[DIRECTIONS FOR THIS TASK] After finding the line with "SWOOD Design - zrzut ekranu" in the data below, set down exactly each line through the one with "Target BP Halloween", inclusive, and stop there.

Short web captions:
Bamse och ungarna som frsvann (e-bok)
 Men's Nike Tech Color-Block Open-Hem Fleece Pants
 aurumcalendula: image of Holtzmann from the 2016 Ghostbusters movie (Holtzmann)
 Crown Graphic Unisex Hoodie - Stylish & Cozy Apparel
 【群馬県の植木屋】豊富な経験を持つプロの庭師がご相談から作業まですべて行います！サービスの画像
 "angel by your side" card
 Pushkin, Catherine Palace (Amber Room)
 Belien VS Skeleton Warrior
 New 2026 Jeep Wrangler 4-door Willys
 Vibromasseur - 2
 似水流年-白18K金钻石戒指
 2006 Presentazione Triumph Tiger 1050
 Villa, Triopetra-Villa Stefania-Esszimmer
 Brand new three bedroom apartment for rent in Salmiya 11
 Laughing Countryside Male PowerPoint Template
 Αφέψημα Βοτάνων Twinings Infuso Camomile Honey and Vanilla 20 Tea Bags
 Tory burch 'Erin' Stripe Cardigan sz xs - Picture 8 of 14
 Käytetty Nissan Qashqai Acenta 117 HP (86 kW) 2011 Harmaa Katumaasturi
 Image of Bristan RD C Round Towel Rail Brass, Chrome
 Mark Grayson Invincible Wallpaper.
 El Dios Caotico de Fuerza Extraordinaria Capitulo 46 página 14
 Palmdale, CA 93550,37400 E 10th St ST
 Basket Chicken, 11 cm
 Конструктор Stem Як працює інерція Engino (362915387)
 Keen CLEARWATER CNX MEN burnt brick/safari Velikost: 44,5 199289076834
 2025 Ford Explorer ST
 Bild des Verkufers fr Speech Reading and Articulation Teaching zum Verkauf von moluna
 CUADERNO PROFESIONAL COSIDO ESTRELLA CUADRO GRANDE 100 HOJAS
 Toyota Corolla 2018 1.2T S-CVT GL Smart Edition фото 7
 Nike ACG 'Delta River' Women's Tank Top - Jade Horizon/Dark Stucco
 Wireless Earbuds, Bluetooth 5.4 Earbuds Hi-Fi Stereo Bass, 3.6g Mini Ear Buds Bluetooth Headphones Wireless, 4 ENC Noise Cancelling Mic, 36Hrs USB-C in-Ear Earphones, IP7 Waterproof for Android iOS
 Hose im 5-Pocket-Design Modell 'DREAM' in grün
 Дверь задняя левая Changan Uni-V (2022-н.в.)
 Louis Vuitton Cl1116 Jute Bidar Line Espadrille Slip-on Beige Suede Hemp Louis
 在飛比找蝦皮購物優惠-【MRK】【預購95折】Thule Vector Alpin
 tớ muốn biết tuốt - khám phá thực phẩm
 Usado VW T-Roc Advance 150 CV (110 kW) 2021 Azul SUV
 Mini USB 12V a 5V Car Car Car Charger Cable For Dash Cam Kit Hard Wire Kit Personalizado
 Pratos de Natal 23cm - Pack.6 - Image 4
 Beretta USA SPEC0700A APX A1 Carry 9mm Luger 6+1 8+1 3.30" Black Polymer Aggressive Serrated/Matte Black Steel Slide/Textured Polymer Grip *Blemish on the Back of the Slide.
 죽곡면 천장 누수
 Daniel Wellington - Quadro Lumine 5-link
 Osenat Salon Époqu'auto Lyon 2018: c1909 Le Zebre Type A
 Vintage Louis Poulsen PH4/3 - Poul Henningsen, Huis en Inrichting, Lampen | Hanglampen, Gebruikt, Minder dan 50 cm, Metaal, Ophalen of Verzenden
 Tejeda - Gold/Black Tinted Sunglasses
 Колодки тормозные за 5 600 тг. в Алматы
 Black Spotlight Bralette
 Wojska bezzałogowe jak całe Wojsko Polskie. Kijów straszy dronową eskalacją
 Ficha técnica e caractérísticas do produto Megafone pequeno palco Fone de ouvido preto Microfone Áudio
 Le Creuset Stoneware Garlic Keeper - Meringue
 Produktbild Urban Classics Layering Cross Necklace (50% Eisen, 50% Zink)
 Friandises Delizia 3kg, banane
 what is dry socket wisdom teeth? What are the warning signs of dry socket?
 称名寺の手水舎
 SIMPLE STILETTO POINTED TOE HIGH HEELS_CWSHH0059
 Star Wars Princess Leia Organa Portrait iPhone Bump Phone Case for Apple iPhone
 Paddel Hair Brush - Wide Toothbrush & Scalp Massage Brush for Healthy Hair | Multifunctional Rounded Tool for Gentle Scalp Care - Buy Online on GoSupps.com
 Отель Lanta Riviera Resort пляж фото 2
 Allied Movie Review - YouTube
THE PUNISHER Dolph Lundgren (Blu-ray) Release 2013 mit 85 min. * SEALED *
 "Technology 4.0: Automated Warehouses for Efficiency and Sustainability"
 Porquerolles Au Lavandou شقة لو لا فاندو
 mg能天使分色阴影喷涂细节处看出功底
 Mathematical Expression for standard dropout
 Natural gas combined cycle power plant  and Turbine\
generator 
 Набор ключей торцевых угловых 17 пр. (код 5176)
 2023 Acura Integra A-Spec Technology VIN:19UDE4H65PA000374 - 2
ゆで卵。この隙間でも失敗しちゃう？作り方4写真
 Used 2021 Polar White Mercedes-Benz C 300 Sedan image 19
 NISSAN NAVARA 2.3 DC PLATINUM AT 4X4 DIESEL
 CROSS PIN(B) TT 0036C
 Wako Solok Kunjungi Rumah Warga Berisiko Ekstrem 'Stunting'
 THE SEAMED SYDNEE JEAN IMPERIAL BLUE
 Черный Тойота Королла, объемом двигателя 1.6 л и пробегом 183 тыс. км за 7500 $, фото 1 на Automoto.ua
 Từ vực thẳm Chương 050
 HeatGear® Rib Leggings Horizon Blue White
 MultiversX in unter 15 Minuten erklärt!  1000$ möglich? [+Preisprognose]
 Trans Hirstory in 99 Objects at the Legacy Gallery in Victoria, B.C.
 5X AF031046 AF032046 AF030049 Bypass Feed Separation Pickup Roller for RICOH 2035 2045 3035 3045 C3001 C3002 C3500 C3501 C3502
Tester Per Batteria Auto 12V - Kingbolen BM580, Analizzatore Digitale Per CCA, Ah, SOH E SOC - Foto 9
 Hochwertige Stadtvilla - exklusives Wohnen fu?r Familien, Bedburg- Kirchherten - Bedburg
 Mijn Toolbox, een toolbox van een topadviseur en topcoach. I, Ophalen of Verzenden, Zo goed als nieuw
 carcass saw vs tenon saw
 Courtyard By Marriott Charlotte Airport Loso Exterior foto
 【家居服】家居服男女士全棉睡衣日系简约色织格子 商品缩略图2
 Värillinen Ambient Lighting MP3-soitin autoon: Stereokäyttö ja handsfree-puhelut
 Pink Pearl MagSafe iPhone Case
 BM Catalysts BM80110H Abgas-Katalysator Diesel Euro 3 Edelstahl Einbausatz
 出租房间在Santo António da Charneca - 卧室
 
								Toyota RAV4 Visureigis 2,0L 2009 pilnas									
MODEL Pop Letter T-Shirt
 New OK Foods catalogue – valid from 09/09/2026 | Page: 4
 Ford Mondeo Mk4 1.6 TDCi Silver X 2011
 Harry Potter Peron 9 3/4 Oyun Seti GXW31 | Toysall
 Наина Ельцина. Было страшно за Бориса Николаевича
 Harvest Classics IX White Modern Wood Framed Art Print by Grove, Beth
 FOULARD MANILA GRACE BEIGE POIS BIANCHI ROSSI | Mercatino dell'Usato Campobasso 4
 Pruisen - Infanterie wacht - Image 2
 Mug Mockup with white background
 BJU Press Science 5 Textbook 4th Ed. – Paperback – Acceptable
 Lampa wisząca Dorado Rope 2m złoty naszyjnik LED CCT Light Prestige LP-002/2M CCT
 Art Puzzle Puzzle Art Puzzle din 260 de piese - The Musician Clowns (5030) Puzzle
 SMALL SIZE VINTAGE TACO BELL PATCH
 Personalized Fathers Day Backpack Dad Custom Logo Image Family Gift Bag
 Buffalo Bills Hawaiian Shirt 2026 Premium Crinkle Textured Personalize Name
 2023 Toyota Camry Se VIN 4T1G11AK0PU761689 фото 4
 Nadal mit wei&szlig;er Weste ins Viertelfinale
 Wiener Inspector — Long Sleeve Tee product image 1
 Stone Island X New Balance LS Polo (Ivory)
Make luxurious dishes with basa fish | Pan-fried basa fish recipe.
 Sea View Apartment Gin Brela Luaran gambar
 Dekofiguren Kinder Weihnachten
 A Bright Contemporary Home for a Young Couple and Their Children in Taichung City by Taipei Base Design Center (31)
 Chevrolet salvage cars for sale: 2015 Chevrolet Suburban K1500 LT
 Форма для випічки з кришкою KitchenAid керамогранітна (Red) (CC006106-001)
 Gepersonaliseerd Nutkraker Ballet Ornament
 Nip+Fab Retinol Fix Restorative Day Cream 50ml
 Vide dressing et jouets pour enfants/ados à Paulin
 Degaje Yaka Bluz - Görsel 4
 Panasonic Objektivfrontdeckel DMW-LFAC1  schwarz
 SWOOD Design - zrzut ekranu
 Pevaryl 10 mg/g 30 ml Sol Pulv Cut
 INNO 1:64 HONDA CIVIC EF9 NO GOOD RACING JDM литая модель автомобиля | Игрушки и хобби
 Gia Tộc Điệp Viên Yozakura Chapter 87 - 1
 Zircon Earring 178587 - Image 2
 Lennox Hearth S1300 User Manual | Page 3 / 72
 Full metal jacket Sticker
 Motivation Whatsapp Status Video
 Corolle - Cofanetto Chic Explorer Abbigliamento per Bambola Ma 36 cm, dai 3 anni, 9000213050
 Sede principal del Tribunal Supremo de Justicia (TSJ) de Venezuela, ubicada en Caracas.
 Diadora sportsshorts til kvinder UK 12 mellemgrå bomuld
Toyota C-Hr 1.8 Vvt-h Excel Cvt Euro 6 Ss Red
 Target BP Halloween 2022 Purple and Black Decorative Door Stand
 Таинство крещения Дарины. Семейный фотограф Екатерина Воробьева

[ANSWER SPACE]
 SWOOD Design - zrzut ekranu
 Pevaryl 10 mg/g 30 ml Sol Pulv Cut
 INNO 1:64 HONDA CIVIC EF9 NO GOOD RACING JDM литая модель автомобиля | Игрушки и хобби
 Gia Tộc Điệp Viên Yozakura Chapter 87 - 1
 Zircon Earring 178587 - Image 2
 Lennox Hearth S1300 User Manual | Page 3 / 72
 Full metal jacket Sticker
 Motivation Whatsapp Status Video
 Corolle - Cofanetto Chic Explorer Abbigliamento per Bambola Ma 36 cm, dai 3 anni, 9000213050
 Sede principal del Tribunal Supremo de Justicia (TSJ) de Venezuela, ubicada en Caracas.
 Diadora sportsshorts til kvinder UK 12 mellemgrå bomuld
Toyota C-Hr 1.8 Vvt-h Excel Cvt Euro 6 Ss Red
 Target BP Halloween 2022 Purple and Black Decorative Door Stand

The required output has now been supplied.